If any of the definition elements are missing, the following rules will be applied to fill in the missing parts of the definition:

  • The rdf characteristic defines the format in which the values will be stored in the database. If empty, it will have one of the types xsd:string, xsd:int, or rdfs:Resource depending on the value types. The following rules apply:

    • If all values are string-based and can be converted to IRIs via the defined prefixes, the resulting type will be rdfs:Resource.
    • If all values are integers, the resulting type will be xsd:int.
    • If the values have different types or there are values not convertible to IRIs, the result will be xsd:string.
  • The graphql characteristic defines the name of the enum type in the GraphQL Schema. The default value is to capitalize the enumeration name. For the example above, the name statusEnum will become StatusEnum.

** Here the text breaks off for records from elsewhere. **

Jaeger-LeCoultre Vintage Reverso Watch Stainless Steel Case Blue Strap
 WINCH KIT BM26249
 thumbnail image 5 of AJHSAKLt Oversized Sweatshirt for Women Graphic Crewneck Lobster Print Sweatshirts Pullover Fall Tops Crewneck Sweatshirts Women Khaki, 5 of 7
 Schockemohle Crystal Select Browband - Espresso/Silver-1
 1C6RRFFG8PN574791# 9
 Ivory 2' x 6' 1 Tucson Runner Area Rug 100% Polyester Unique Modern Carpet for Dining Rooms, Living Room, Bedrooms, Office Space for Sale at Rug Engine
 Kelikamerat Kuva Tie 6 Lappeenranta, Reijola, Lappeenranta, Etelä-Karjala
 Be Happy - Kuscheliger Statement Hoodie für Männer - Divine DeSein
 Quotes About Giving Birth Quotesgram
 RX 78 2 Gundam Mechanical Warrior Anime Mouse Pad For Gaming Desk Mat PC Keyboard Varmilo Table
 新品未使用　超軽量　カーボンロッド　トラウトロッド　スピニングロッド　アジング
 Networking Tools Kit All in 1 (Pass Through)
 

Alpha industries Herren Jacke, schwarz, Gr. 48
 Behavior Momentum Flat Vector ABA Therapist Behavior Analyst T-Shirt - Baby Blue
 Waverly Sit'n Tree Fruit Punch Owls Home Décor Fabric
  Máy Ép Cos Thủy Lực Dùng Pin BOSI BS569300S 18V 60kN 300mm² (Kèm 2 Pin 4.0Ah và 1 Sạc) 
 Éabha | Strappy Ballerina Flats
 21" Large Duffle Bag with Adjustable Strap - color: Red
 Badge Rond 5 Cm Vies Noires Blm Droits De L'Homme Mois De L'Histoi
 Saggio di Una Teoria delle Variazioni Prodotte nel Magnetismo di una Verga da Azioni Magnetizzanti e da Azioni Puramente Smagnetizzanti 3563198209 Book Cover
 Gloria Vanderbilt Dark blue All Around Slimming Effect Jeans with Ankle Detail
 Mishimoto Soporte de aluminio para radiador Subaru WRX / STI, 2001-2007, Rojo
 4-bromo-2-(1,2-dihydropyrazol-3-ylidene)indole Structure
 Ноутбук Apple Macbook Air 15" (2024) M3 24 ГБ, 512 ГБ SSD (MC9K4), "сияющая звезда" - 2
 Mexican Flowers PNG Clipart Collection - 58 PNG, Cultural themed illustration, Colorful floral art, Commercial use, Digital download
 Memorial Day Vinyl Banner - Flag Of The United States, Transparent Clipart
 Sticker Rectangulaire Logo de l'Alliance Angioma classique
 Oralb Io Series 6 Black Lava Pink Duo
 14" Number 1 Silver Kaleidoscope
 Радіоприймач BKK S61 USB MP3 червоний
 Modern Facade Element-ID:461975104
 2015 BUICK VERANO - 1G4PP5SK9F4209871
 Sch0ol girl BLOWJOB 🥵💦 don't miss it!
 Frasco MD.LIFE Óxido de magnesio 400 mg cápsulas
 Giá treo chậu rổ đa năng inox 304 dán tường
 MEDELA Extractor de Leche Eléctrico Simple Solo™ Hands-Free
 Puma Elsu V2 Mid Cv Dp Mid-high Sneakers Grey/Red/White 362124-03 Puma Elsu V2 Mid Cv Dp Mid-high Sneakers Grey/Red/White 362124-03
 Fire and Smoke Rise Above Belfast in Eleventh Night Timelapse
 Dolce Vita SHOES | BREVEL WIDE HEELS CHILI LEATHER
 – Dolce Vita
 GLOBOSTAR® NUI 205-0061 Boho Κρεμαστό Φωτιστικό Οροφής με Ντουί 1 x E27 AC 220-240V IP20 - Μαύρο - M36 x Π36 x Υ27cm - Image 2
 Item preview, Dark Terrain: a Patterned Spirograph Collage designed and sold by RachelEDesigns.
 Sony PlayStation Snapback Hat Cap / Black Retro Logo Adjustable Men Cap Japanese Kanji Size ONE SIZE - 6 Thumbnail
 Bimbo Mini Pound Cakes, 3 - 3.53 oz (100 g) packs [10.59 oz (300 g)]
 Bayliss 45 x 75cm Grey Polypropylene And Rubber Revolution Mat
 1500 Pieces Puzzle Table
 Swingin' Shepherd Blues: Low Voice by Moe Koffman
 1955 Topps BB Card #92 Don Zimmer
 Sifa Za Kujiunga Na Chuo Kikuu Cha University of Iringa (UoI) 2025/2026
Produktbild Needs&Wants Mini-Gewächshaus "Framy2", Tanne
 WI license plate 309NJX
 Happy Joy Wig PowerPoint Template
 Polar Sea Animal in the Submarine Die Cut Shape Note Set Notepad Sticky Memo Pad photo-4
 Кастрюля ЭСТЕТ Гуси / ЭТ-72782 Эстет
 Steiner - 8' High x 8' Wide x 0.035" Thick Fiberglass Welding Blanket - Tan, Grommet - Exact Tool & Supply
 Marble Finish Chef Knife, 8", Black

  • values defines the possible enumeration values and their GraphQL codes and labels. Each value characteristic is generated based on the following rules:

    • The name value characteristic defines the constant name in the GraphQL schema. It is generated based on the given value or label by converting them to upper-case string and replacing all non-word character sequences with a single underscore (_). If the first character is a number, it will be prefixed by an underscore as well. Here are some examples:

      • value: 'http://www.w3.org/2001/XMLSchema#int' becomes name: 'HTTP_WWW_W3_ORG_2001_XMLSCHEMA_INT'
      • value: 1 becomes name: '_1'
      • label: 'In progress' becomes name: 'IN_PROGRESS'
      • value: "2", label: 'In progress' becomes name: 'IN_PROGRESS' as label has higher priority for name generation
    • The value characteristic defines what should be stored in the database during mutations and what value to match on queries. The effective values in a given values list cannot have duplicates. If the schema fails to conform to this rule, the schema will be rejected. The effective value is computed based on the rdf type and/or the name value as follows:

      • If rdf: xsd:int, the value will be the zero-based index of the value in the values list.
      • If rdf: xsd:string, the value will be the effective name.
      • If rdf: rdfs:Resource, the value will be an IRI with namespace vocab_iri and the effective name as the IRI’s local name.

    The label characteristic defines the enumeration value comment placed in the GraphQL schema and can be used, for example, for displaying a human-readable label in a UI drop-down component. The effective label is generated based on the effective name value by replacing all underscores with a single white space and capitalizing all words.

Additional Resources

As an addition to the implementation of the custom GraphQL scalars in the Semantic Objects, we also provide and support implementation of the same set of scalars in JavaScript. The implementation can be found in our public GitHub repository – ontotext-platform-custom-scalars. The library can be used as standard NPM package with public npm. It will be regularly updated and published whenever any changes to the scalars have been made in the Semantic Objects.